African fashion is as diverse and dynamic as the continent and the people who live there. While experts have long recognized the importance of clothing as a marker of ethnic identity, life stages, political affiliation, and social class, they have only just begun to discover African fashion. Contemporary African Fashion puts Africa at the intersection of world cultures and globalized identities, displaying the powerful creative force and impact of newly emerging styles. Richly illustrated with color photographs, this book showcases haute couture for the African continent. The visual impact of fashion created and worn today in Africa comes to life here, beautifully and brilliantly.
About the authors
Suzanne Gott is Assistant Professor of Art History in the Department of Critical Studies at the University of British Columbia Okanagan. Her work focuses on fashion from the Ashanti region in Ghana.
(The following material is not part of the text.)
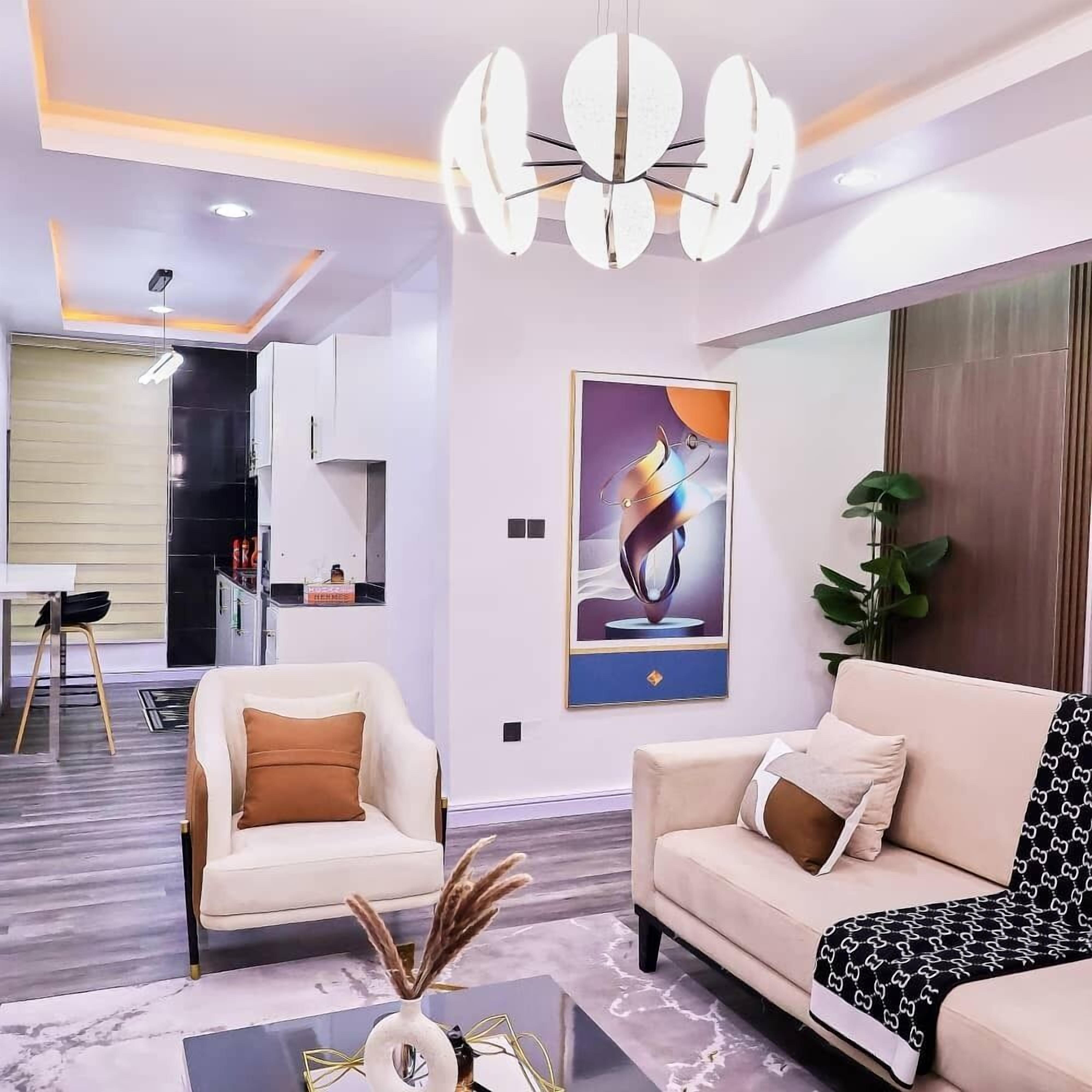 Leilighet – standard | Romfasilitet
Kristyne Loughran is an independent scholar who specializes in African jewelry and fashion. She is editor (with Thomas K. Seligman) of Art of Being Tuareg: Sahara Nomads in a Modern World.
The book is beautifully designed and features high-quality photographs illustrating the various topics addressed. The chapters are kept to a comfortable length, which makes the volume also a suitable tool for teaching.
Contemporary African Fashion is beautifully designed and graced with compelling photos. . . . Together, the essays reinforce the idea of ever-evolving tradition and cultural interaction, and the great importance of personal appearance on the African continent. While the composite picture that emerges is informative, it is the richness of the specific stories that make this anthology compelling. April 27, 2011
Journal of Folklore Research
[This is] a richly documented, well-argued, thought-provoking and beautifully illustrated study of contemporary African fashion.
[A]s a scholarly text Contemporary African Fashion provides an important interdisciplinary analysis of a subject relevant to art historians, fashion historians, anthropologists, and historians alike. It would fit well within graduate-level reading lists for courses in African art history and histories of fashion.